Ten years is a long time in one job, and it typically inspires a look back at what happened and ahead to what’s next. After the Georgia Tech game and, hopefully, a lower-tier bowl bid, Mark Richt will complete his 10th year as the head football coach at my alma mater, the University of Georgia. Right now, there is no doubt that, at worst, he’s the 2nd best coach in the 118 years of Georgia football. The biggest question is whether he will be able to cement his legacy as the best coach in the storied tradition of the Georgia football program over the next 10 years.
In Defense of the Record
At 95-33 after the loss to Auburn, Georgia has won 3 out of every 4 games where Coach Richt has been on the sidelines. 2 SEC championships knocked the “lid off the program” in the first half of the decade. 3 Sugar Bowl appearances with 2 wins in seven years made Georgia a national power again.
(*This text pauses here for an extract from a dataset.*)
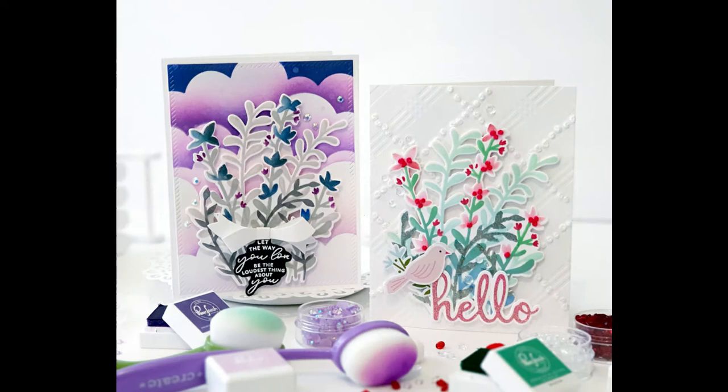Hello friends, Annette here again with a card making video. I just love all the possibilities that you can do with a stencil.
He’s done everything except bring a crystal football to the Butts-Mehre Building. National recruiting of players like Matthew Stafford, Knowshon Moreno, and A.J. Green made us top of mind for the best of the best. In 2001, we saw the potential and excitement he brought to the program. In 2002, we experienced the realization of the potential with an SEC championship with a team that was physical and skilled. In 2003, we had another opportunity to win a championship that a young offensive line would prevent us from winning. In 2004, we had a team set up for a championship run come up against an Auburn team that would finish 14-0 but be left out of the national championship game. In 2005, we won another SEC championship led by D.J. Shockley, but cracks especially on defense begin to show. In 2006, we took our lumps with a true freshman quarterback and win 3 big games at the end of the year. In 2007, we find our identity halfway through the season and ride a wave beating the Big 3 for the first time in the same year in 25 years to finish #2 in the country.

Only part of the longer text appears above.